(REQUIRED WORK): Tell how many lines of the entries below include the string "Property". Respond with the number alone.

(Stored items):
------------------------------

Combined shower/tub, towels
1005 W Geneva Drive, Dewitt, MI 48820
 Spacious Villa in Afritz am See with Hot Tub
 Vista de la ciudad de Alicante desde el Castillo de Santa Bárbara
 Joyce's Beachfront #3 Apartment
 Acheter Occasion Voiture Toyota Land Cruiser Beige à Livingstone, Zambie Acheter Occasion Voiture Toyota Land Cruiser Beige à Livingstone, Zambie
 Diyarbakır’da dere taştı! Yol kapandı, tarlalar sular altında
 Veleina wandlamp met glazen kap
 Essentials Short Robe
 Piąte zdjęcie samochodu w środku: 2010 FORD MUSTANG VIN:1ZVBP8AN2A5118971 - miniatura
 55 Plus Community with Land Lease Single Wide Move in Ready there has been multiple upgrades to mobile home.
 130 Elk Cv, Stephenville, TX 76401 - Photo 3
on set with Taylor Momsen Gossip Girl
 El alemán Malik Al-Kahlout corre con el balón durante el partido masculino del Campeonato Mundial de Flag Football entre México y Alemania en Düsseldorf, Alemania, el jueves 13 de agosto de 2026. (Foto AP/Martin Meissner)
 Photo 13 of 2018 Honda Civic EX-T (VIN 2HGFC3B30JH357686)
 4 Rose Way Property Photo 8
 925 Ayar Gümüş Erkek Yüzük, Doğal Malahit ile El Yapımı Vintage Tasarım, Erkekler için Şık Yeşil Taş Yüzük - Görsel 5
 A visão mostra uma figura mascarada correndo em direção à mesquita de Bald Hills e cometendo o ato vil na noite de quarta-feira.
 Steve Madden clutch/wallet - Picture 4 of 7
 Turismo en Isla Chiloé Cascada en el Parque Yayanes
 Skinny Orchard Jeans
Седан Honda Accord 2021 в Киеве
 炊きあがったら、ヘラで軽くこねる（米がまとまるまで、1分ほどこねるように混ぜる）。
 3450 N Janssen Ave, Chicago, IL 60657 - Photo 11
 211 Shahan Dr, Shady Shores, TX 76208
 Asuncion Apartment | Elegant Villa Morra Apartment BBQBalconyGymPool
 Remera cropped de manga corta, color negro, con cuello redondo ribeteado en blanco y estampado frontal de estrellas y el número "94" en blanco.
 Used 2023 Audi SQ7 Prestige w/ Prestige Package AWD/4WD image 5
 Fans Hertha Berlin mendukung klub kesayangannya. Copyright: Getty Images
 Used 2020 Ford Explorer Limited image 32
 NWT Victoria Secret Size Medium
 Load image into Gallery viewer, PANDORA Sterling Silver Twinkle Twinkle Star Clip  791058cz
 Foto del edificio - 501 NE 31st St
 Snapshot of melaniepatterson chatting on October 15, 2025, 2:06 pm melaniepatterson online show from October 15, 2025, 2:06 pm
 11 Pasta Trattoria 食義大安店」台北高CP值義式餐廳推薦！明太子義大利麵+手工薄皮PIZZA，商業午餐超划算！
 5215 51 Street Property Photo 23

------------------------------

(SOLUTION): 2